▸ Exercise: Reproduce the data that follows precisely.

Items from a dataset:

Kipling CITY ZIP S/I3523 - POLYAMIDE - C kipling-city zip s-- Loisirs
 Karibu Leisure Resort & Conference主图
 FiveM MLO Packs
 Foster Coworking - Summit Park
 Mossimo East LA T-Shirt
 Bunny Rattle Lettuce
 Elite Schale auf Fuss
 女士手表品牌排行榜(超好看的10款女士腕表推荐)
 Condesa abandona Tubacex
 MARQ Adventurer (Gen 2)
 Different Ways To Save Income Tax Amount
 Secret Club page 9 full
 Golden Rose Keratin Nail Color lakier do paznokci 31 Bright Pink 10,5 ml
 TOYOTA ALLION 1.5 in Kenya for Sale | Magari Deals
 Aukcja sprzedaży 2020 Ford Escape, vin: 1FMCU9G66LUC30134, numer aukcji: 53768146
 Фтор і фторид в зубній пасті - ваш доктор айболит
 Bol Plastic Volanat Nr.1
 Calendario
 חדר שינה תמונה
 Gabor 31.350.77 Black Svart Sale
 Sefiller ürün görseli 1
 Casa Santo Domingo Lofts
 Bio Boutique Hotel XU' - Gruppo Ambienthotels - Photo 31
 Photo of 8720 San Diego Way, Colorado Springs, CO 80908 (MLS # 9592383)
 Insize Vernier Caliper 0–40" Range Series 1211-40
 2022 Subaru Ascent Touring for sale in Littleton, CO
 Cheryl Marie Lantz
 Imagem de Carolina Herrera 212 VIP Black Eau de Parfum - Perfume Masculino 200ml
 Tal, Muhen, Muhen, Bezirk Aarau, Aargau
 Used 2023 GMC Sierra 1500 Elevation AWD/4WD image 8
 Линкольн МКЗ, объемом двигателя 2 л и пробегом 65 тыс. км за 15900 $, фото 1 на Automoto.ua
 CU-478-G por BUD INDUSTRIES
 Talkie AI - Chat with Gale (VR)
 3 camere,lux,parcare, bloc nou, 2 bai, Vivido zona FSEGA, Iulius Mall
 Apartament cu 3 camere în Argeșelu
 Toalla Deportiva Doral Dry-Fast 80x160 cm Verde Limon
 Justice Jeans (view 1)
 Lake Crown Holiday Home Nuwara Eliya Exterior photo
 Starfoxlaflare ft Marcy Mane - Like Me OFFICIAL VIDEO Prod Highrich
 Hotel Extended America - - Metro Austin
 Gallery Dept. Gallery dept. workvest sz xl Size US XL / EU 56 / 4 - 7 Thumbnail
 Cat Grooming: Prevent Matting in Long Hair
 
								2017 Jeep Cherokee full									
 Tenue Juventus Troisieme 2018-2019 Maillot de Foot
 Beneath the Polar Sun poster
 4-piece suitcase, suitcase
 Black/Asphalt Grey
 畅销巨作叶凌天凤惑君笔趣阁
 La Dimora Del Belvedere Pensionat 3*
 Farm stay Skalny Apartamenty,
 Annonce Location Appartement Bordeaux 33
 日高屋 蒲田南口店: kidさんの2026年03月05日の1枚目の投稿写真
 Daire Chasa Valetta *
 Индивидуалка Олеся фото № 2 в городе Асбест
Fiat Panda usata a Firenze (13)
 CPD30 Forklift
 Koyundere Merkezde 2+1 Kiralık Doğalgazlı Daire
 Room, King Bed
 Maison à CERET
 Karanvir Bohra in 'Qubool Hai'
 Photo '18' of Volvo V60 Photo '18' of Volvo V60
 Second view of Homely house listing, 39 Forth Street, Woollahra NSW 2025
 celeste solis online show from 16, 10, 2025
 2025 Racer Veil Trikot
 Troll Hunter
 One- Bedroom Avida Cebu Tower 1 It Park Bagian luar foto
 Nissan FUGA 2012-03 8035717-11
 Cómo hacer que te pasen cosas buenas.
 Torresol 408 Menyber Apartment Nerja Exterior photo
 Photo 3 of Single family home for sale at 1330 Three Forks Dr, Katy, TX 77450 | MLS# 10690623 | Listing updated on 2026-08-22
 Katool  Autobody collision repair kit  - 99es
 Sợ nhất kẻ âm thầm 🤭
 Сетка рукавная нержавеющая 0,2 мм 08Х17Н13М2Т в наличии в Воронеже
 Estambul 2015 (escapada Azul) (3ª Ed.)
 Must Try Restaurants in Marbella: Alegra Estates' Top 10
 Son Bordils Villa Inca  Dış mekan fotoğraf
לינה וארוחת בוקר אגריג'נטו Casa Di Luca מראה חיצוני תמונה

▸ Exercise answer:
Kipling CITY ZIP S/I3523 - POLYAMIDE - C kipling-city zip s-- Loisirs
 Karibu Leisure Resort & Conference主图
 FiveM MLO Packs
 Foster Coworking - Summit Park
 Mossimo East LA T-Shirt
 Bunny Rattle Lettuce
 Elite Schale auf Fuss
 女士手表品牌排行榜(超好看的10款女士腕表推荐)
 Condesa abandona Tubacex
 MARQ Adventurer (Gen 2)
 Different Ways To Save Income Tax Amount
 Secret Club page 9 full
 Golden Rose Keratin Nail Color lakier do paznokci 31 Bright Pink 10,5 ml
 TOYOTA ALLION 1.5 in Kenya for Sale | Magari Deals
 Aukcja sprzedaży 2020 Ford Escape, vin: 1FMCU9G66LUC30134, numer aukcji: 53768146
 Фтор і фторид в зубній пасті - ваш доктор айболит
 Bol Plastic Volanat Nr.1
 Calendario
 חדר שינה תמונה
 Gabor 31.350.77 Black Svart Sale
 Sefiller ürün görseli 1
 Casa Santo Domingo Lofts
 Bio Boutique Hotel XU' - Gruppo Ambienthotels - Photo 31
 Photo of 8720 San Diego Way, Colorado Springs, CO 80908 (MLS # 9592383)
 Insize Vernier Caliper 0–40" Range Series 1211-40
 2022 Subaru Ascent Touring for sale in Littleton, CO
 Cheryl Marie Lantz
 Imagem de Carolina Herrera 212 VIP Black Eau de Parfum - Perfume Masculino 200ml
 Tal, Muhen, Muhen, Bezirk Aarau, Aargau
 Used 2023 GMC Sierra 1500 Elevation AWD/4WD image 8
 Линкольн МКЗ, объемом двигателя 2 л и пробегом 65 тыс. км за 15900 $, фото 1 на Automoto.ua
 CU-478-G por BUD INDUSTRIES
 Talkie AI - Chat with Gale (VR)
 3 camere,lux,parcare, bloc nou, 2 bai, Vivido zona FSEGA, Iulius Mall
 Apartament cu 3 camere în Argeșelu
 Toalla Deportiva Doral Dry-Fast 80x160 cm Verde Limon
 Justice Jeans (view 1)
 Lake Crown Holiday Home Nuwara Eliya Exterior photo
 Starfoxlaflare ft Marcy Mane - Like Me OFFICIAL VIDEO Prod Highrich
 Hotel Extended America - - Metro Austin
 Gallery Dept. Gallery dept. workvest sz xl Size US XL / EU 56 / 4 - 7 Thumbnail
 Cat Grooming: Prevent Matting in Long Hair
 
								2017 Jeep Cherokee full									
 Tenue Juventus Troisieme 2018-2019 Maillot de Foot
 Beneath the Polar Sun poster
 4-piece suitcase, suitcase
 Black/Asphalt Grey
 畅销巨作叶凌天凤惑君笔趣阁
 La Dimora Del Belvedere Pensionat 3*
 Farm stay Skalny Apartamenty,
 Annonce Location Appartement Bordeaux 33
 日高屋 蒲田南口店: kidさんの2026年03月05日の1枚目の投稿写真
 Daire Chasa Valetta *
 Индивидуалка Олеся фото № 2 в городе Асбест
Fiat Panda usata a Firenze (13)
 CPD30 Forklift
 Koyundere Merkezde 2+1 Kiralık Doğalgazlı Daire
 Room, King Bed
 Maison à CERET
 Karanvir Bohra in 'Qubool Hai'
 Photo '18' of Volvo V60 Photo '18' of Volvo V60
 Second view of Homely house listing, 39 Forth Street, Woollahra NSW 2025
 celeste solis online show from 16, 10, 2025
 2025 Racer Veil Trikot
 Troll Hunter
 One- Bedroom Avida Cebu Tower 1 It Park Bagian luar foto
 Nissan FUGA 2012-03 8035717-11
 Cómo hacer que te pasen cosas buenas.
 Torresol 408 Menyber Apartment Nerja Exterior photo
 Photo 3 of Single family home for sale at 1330 Three Forks Dr, Katy, TX 77450 | MLS# 10690623 | Listing updated on 2026-08-22
 Katool  Autobody collision repair kit  - 99es
 Sợ nhất kẻ âm thầm 🤭
 Сетка рукавная нержавеющая 0,2 мм 08Х17Н13М2Т в наличии в Воронеже
 Estambul 2015 (escapada Azul) (3ª Ed.)
 Must Try Restaurants in Marbella: Alegra Estates' Top 10
 Son Bordils Villa Inca  Dış mekan fotoğraf
לינה וארוחת בוקר אגריג'נטו Casa Di Luca מראה חיצוני תמונה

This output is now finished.